Proof within elementary number theory Prove this: Let n and m be positive integers. if m is even, and n is not divisible by 4, then m^2 + n is also not divisible by 4.
Im unsure how to start, and have been wrestling with proving by contradiction by saying n IS divisible by 4 and by saying so that m^2 + n IS divisible by 4 but i dont think that works at all.. any help would be great!
 A: You were on the right way.
If $m$ is even, then you can write $m=2k$. Then $m^2=4k^2$ is divisible by 4.
Now suppose by contradiction that $m^2+n $ is divisible by 4, i.e
$m^2+n =4 \ell $. Then
$$
n=4\ell-m^2=4(\ell-k^2),
$$
that is $n$ would be divisible by 4, a contradiction.
A: A couple of hints.  If $m$ is even then can you prove that $m^2$ is divisible by $4$?
And do you know that if $A$ is divisible by $k$ then $A+B$ is divisible by $k$ if and only if $B$ is divisible by $k$?

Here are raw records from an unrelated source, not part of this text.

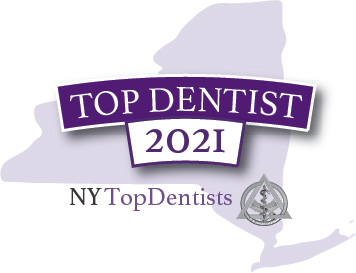 The image features a graphic logo with text elements, including the name TOP DENTIST 2021 prominently displayed at the top, followed by the word NYTOPDENTISTS in smaller font below it. A stylized map icon of New York State is visible to the left side of the image, and there s a designation that reads NEW YORK TOP DENTISTS in capital letters beneath the state icon. The overall style of the image is professional and appears to be an emblem or award related to dentistry for 2021, specifically in New York State.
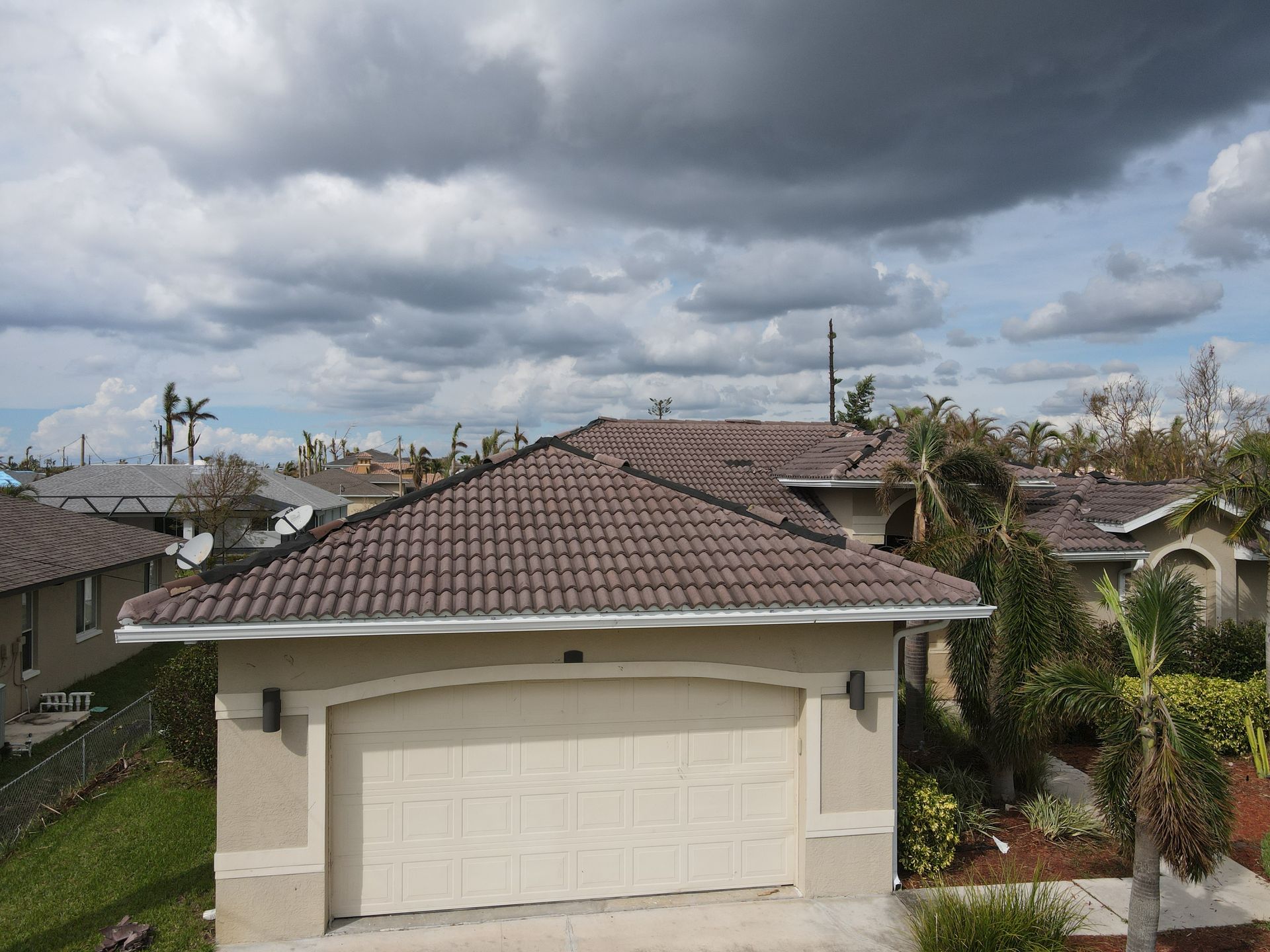 Brown tile roof house with white garage door under cloudy sky.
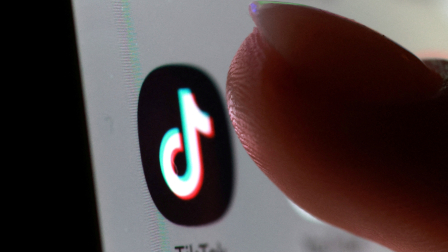 FILE PHOTO: The TikTok app icon on a smartphone in this illustration taken October 27, 2025. REUTERS/Dado Ruvic/Illustration/File Photo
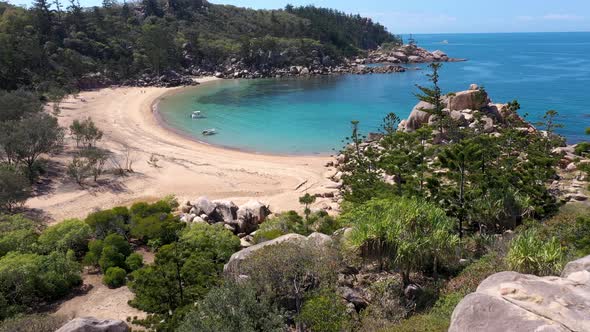 Magnetic Island Arthur Bay beautiful beach aerial reveal above trees, Queensland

Can you put these all together?
Maybe you can use the division Theorem:  For any integer $M$ and any natural number $n$ there are unique integers $q,r$ where $M = n\cdot q + r$ and $0\le r < n$.  (Think of it as $r$ is the remainder when you divide $M$ by $n$ and $q$ is the quotient rounded down to the nearest interval).
Try it on your own and then read below how I put it together 
=========
$m$ is even so there is an integer $k$ so that $m = 2k$.
That means $m^2 = 4k^2$ so $4|m^2$.
[Lemma:  If $k|A$ then $k|A+B$ if and only if $k|B$.  Pf: Let $A=kn$, if $4|A+B$ then there is an $m$ so that $A+B = 4m$. That means $B = 4m-A=4m-4n=4(m-n)$ and $4|B$.  Otherwise if $4|B$ then there is an $k$ so that $B = 4k$ and $A+B = 4m + 4k = 4(m+k)$ and $4|A+B$.]
So $4|m^2 + n$ if and only if $4|4k^2 +n$ if and only if $4|n$.  But we were told $4\not \mid n$.
... of course... that's just how I worded it.  You can prove it any way you want.